Let us be a part of the cure
Never part of the plague
We’ll only be remembered for what we create.
From flood into the fire
One thousand voices sing
We’re in this together
For whatever fate may bring.
© Kreator, Mille Petrozza, Phantom Antichrist, 2012.
No life has a higher value than freedom. Freedom is far from being free. In fact, it’s the most expensive thing a human being can obtain, literally and figuratively. It has to be paid in the blood of innocent victims and if any of you forgot how heavy is that burden, Ukraine is the reminder. Considered a third-world country by the West, Ukraine has never been on the map of the free world. A mere bystander somewhere in Arizona could never distinguish Ukraine from Russia, confusefully thinking they are the same. Couldn’t be more wrong. For better or worse, today everyone knows what Ukraine is, where it is and what it stands for.

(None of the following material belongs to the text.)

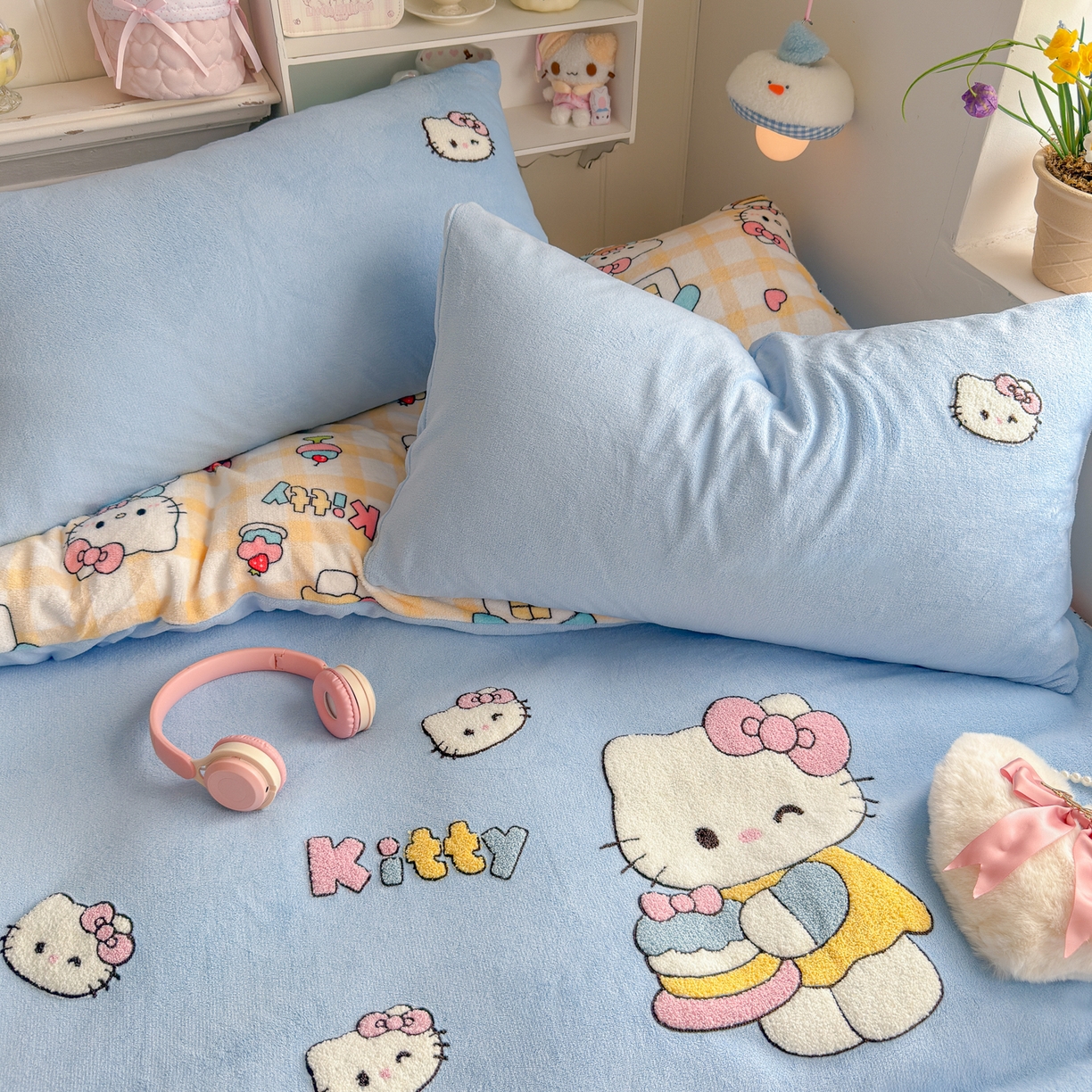 91家纺网 家纺一手货源 找家纺 优卡迪家纺馆 2025新款牛奶绒印加绣四件套 下载文件包含买家秀 面包KT--天蓝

Situating on a bottleneck between the great Europe and greater Asia, Ukraine has always been a bridge between the West and the East. Unlike monocultural nations such as Japan, mixing hundreds of different nations and cultures be these now alive and going or historically defunct, Ukraine has a special cultural code that lets people co-exist in a sparkling symbiosis of various traditions, mindsets, and lifestyles. We’ve learned to fit well. Det gamle Europa chose the multicultural path of co-existence recently, but truth be told, preceding such a mindset, we have been “multicultural” from the very beginning, thanks to a unique geographical position at the intersection of everything. Greeks have lived there. Kipchaks have lived there. Turks have lived there. Swedes have lived there. Lithuanians have lived there. Pechenegs have lived there. Jews have lived there. Every Slavyanic nation has lived there. It bends the mind how many nations these lands allowed to settle down during the course of two thousand years, that passed.